Non-fungible tokens (NFTs) took the world by storm in March and April of this year with a deluge of daily headlines about record sales and big-name companies releasing their own one-of-a-kind digital art pieces dominating major media outlets. communication. .
Fast forward a few months and the narrative has shifted towards the bursting of the ‘NFT bubble’ and doom and pessimists warning that NFT investors are on the brink of losing all their money.
Rapid declining prices and activity in major NFT markets have led many to speculate on the death of the non-fungible token space despite the known cyclical nature of the cryptocurrency market that can come back to life in the blink of an eye. and close my eyes.
You knew this would come, right?
NFTs are dead
– Jonathan Mann (@songadaymann) June 4, 2021
Active users leave ship
Active users are the lifeblood of the NFT markets, but the hectic nature of the cryptocurrency markets in the last two months, including the May 19 sell-off, in which the value of $ 1.2 trillion was wiped out of cryptocurrency market capitalization, has caused a precipitous drop in users. activity.
As seen in the graph above, active wallets in the NFT markets peaked near the end of March and have since fallen by more than 40% due to declining values combined with high transaction fees on the Ethereum network. (ETH) kept traders out of the market.
The decline in active wallets coincided with a decline in sales across the space, as the rapid drop in token prices exacerbated losses for holders and collectors who saw their valuable art pieces lose as much as 90%. of its value overnight.
The decrease in active users has resulted in a 60% decrease in total daily sales which fell from a high of $ 325 million on May 7 to its current figure of $ 110 million.
NFTs are down but not eliminated
However, all is not lost, as there are many strong value propositions and use cases for NFTs that traditional businesses and entrepreneurs have noticed and embraced in the industry.
The blockchain ecosystem has already presented multiple viable options to deal with the issues facing the NFT sector, such as the launch of Enjin’s Efinity and JumpNet protocols, which help lower fees and enable interoperability between different networks.
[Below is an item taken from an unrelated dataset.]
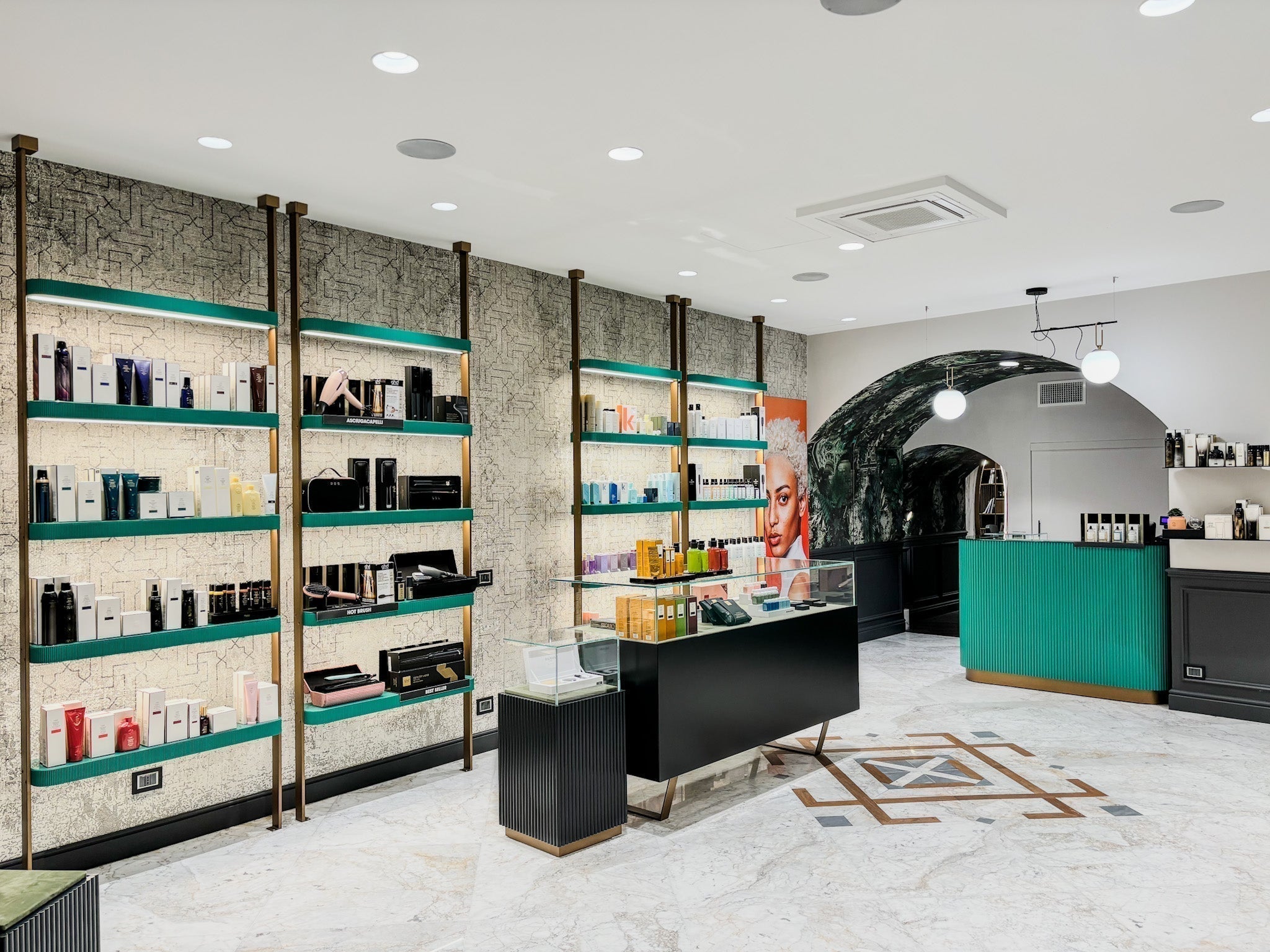 ENCAPTURE: Italian Luxury Hair & Spa Experience in Como – E N C A P T U R E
Another popular solution, Polygon, an Etheruem sidechain that allows projects to remain on Ethereum while also having access to a fast, low-cost environment. In the last three months, a large number of gaming and NFT-oriented projects have migrated to Polygon and as the crypto and NFT market improve, these low fee environments should help drive activity on the network.
While the current stats may look bad compared to recent all-time highs when viewed from a longer time frame, it can be seen that the average number of NFT sales increased by almost 300% between January and the end of May. This shows that there is strength in the sector despite the market crash that began on May 12.
The NFT ecosystem may have seen a significant drop in token activity and values over the past month, but it is too early to proclaim the death of NFTs as the world has only scratched the surface of what it is. possible with this nascent smart contract technology.
The views and opinions expressed here are solely those of the author and do not necessarily reflect the views of Cointelegraph.com. Every investment and trade move involves risk, you should do your own research when making a decision.